Vitrivr is an open-source research system. This guide is intended to help you fully set up vitrivr and its components and show you how to search an example collection provided by us. If you plan to use vitrivr in your research, contact us.
The vitrivr stack does not require any special hardware and can be deployed on any reasonably modern machine (or on multiple machines for a distributed deployment). Since both Cottontail and Cineast are capable of operating on multiple CPU cores in parallel, it is recommended to use a multi-core machine. The memory consumption of Cottontail and Cineast (during extraction) can also be substantial. While Cineast has an integrated swapping mechanism, it is highly recommended to run the vitrivr stack in an environment with 8 GB or more of main memory.
The requirements in terms of software are dependent on the flavor of the deployment. The following list provides an overview of the required software packages:
Both native deployment and docker deployment instructions are provided on the Cottontail README
We provide an example config. To read more about how to configure Cineast, consult the Wiki
Once this configuration is done, Cineast should be able to communicate with the storage layer. Next, Cineast can be instructed to create all necessary entities which it needs for retrieval. To do this, the following command can be run from within the directory containing both cineast.jar and cineast.json:
In case the Cineast CLI is enabled in the configuration – which it is by default – Cineast will not terminate after the setup but rather wait for further instructions. As there is nothing to do at this point, it can be terminated using either exit or quit.
To build the UI from source, have a look at the Wiki of vitrivr-ng
Currently, vitrivr is undergoing a heavy rewrite. Therefore, this section is under construction as of June 2020 and subject to change.

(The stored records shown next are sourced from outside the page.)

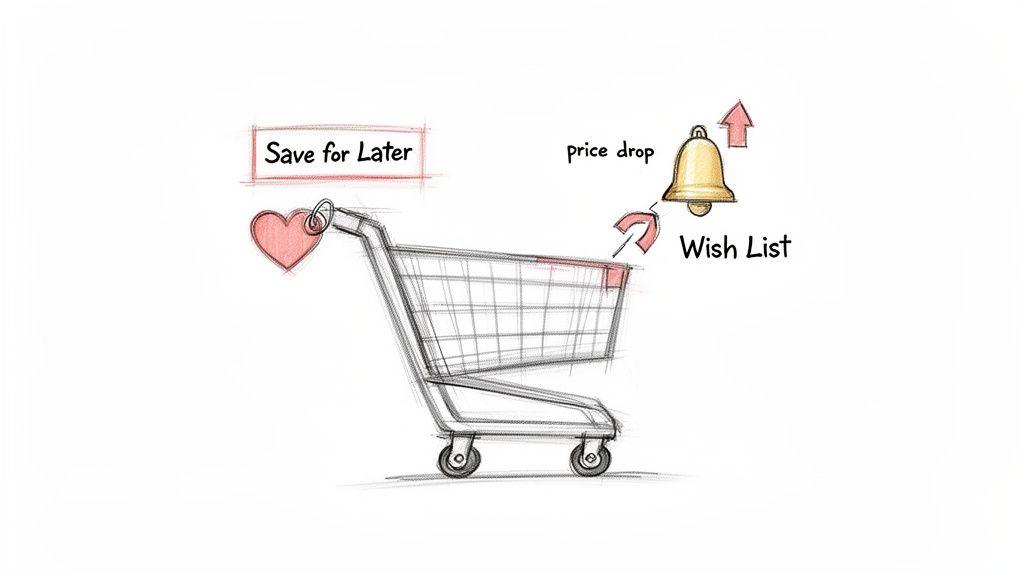 A sketch of a shopping cart illustrating 'Save for Later' with a heart and 'Wish List' with a price drop bell.
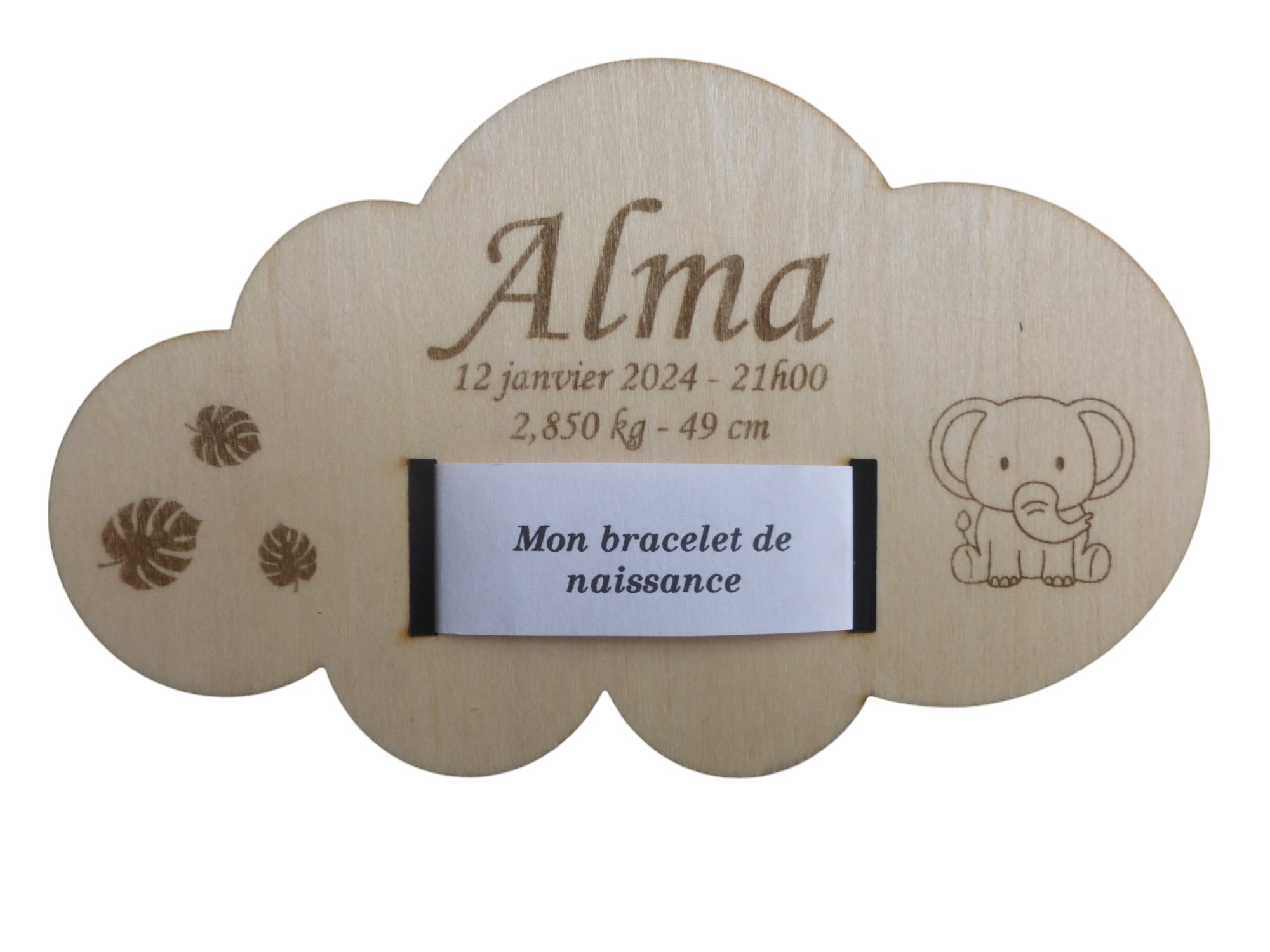 nuage en bois gravé bracelet de naissance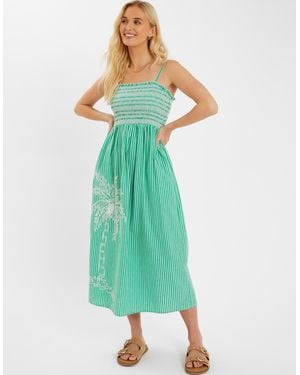 Accessorize Palm Embroidered Stripe Midi Dress - Green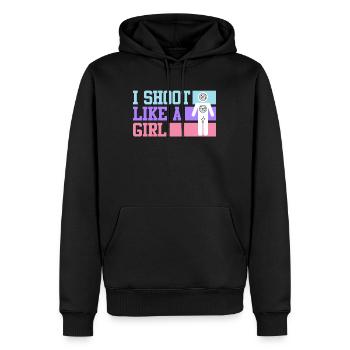 Je photographie comme une fille Women’s Sports Shooting - Sweat à capuche Premium bio Homme - noir - Devant - Nico (187cm)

After the setup is complete, vitrivr is ready to receive some multimedia documents. To add documents to the collection known to vitrivr, Cineast has to perform an extraction process on them. The properties of such an extraction job are specified in a job file. Several examples of such job files can be found on GitHub.
Shown below is a basic example of an extraction job file for videos, as specified by the type property. For every extraction, only one type of multimedia document is processed.
The first block after the type specification is the input block, which contains information on where the files are located and how they should be traversed in the file system. In case a relative file location is provided in the path property, it is considered to be relative to the location of the job file. Cineast will however store the file paths relative to itself, so the stored paths for the documents may differ from what is specified in the job file.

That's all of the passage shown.